第7話

 二年前、私は奈々に連れられて町ハズレの古びたアパートにいた。

「ほら、佳子。この部屋だよ。覗いてみな」

 電気がついておらず暗い室内。部屋の奥には二人の女性がいた。一人は立って、何かの紐を握っている。もう一人は地面にへたり込んでいる。背後から奈々の説明が入る。

「あの二人、DomとSubなの。今日はSubの人が悪いことしたからお仕置きするんだって」

 ならば握られているのは鞭か。奈々が説明する間に鞭が振り下ろされた。空気を切る強い衝撃と音。Subの悲鳴があがり思わず耳を塞ぐ。目を閉じる。血の匂いが鼻につく。逃げ出したいけれども足に力が入らない。

「そんなに怖がらなくても大丈夫だよ」

奈々に後ろから抱きしめられる。少し、落ち着いた。

「あの二人にとって、あれは愛情表現だから」

 ゆっくりと目を開くと今度は抱きしめあう二人がいた。Domの方が何かの薬を渡している。痛み止めだろうか。まさしく飴と鞭のような二人。これが愛情。これが好き。
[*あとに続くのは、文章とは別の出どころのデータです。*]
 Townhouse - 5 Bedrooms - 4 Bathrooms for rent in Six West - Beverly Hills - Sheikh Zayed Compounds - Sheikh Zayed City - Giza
「大切な人を痛めつけるなんて方法、普通はとらないけどね。少なくとも私はそんな気持ち悪いことしない」

 奈々が発した言葉は覚えているが私のゆがみだした心には届かなかった。

「ほら、佳子。行くよ」

 私はこの場を動きたくなかった。あの二人の愛情を知りたかった。

 今思えば小学生の私には刺激が強すぎたのだと思う。だがその理解も私の心には響かない。私は痛めつけられることでしか愛情を感じれなくなってしまった。


「じゃあ約束忘れないでよ」

 奈々に声をかけられる。気づけば奈々はお弁当を片付けていた。

「放課後にたまり場で、川上さんも入れて三人で帰るよ」

 回想にふける間にそんな話をしていたとは。断る間もなく奈々は机を戻し、他の友人の元へいってしまった。
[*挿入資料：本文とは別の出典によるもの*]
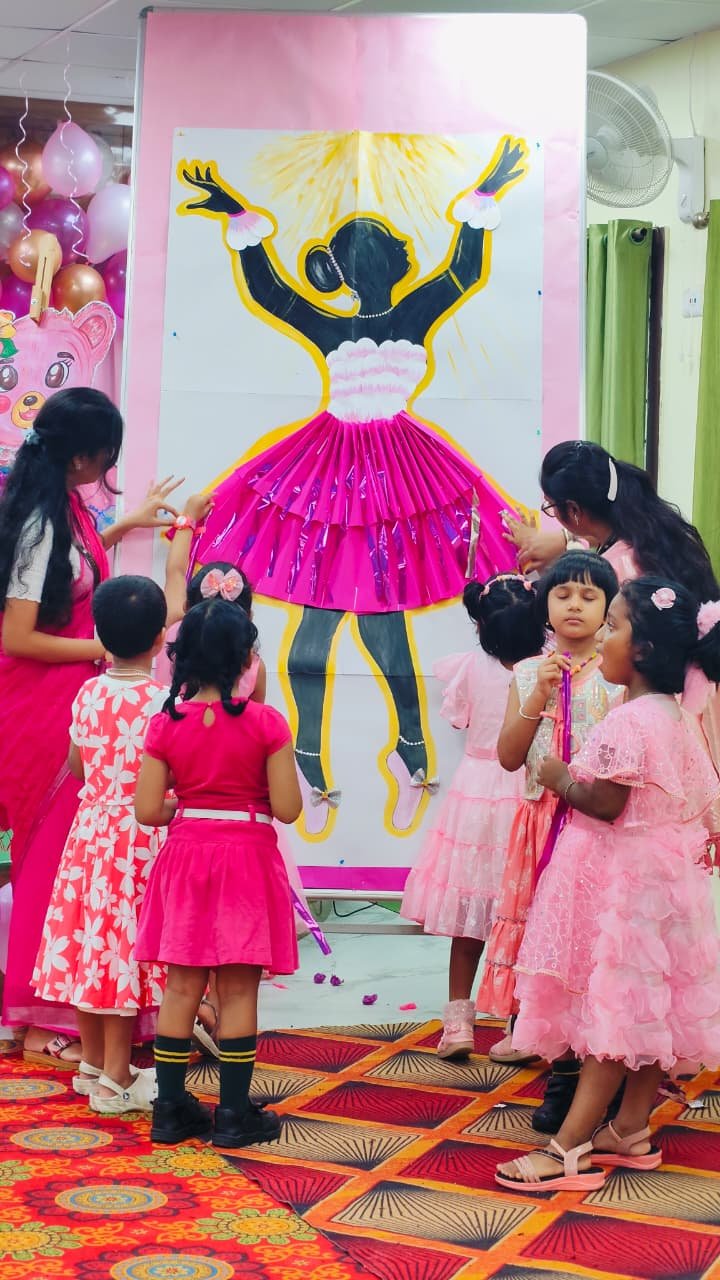 Pink Colour Day Celebration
 放課後川上さんと先生に呼ばれた奈々を待ってたまり場のベンチに腰掛ける。目の前を通り過ぎる同級生。肩を組んで歩くもの、手を繋いでいるもの、人の鞄に掴まるもの。それぞれの距離感で帰ってゆく。形は違えど皆楽しく過ごしているように見える。

 私ならどんな距離感を求めるだろう。例えば首輪と鎖を付けられて、その鎖を引っ張られるとか……脳内に川上さんが私の首につながる鎖を引っ張る図が浮かぶ。駄目だ。何を考えているんだ自分。

 首を振って妄想を追い出し顔を上げると目の前に川上さんがいた。しかも顔面ドアップでサラサラな髪が私にかかっている。

「っか、かか川上しゃん?」

 やばい、焦って噛んでしまった。

「めちゃ噛んでるじゃん。そんな焦らなくてもいいでしょ」

 笑いを含んだあきれ声に気分を損ねていないとわかり、ひとまず安心する。

「ねえ、奈々は?」

「先生に呼ばれてました」

 二人は気まずいし、緊張する。それに、奈々がすでに名前呼びだと知り、心臓が締め付けられる。

「名前、木下佳子だろ。佳子って呼んでいいか?」

「あ、はい」

 そうか。彼女はみんな名前呼びなのか。なんだか少し、安心した。名前で呼ばれた特別感は無くなったが。

「あんたもうちのこと杏って呼びな」

 そう言われてしまったが、名前で呼ぶのは今まで奈々だけだったのに、急に好きな人を名前で呼ぶなんて勇気がでない。だからといって苗字で呼べば冷たいと思われるかもしれない。

「あ、杏さん」

 これが限界だ。

「ありがと」

 頭を優しく撫でられる。心がぽかぽかと暖かくなる。

 杏さんの方を向くと彼女は私の顔をみてピタリと止まり、そして笑った。

「あんたは本当に」

 彼女が何か話すのを遮るように奈々がやってきた。

「大変だよ〜。補習になったから先に帰っててもらえる?」

「え?」

 杏さんが何を言おうとしていたのかは気になるが、奈々が補習で帰れないことの方が問題だ。

「ちょっと待て、奈々。それってつまり……」

「ん?二人で帰ってね!ってことだけど」

 やっぱりそうか。ねぇ、奈々。私を精神的に殺す気なの?

 私は心の中で叫ぶ。杏さんも何か反論しようとしていたが奈々は

「じゃあそういうことだから」

と去ってしまった。

 嵐が去ったあとのような静寂。これは気まずい。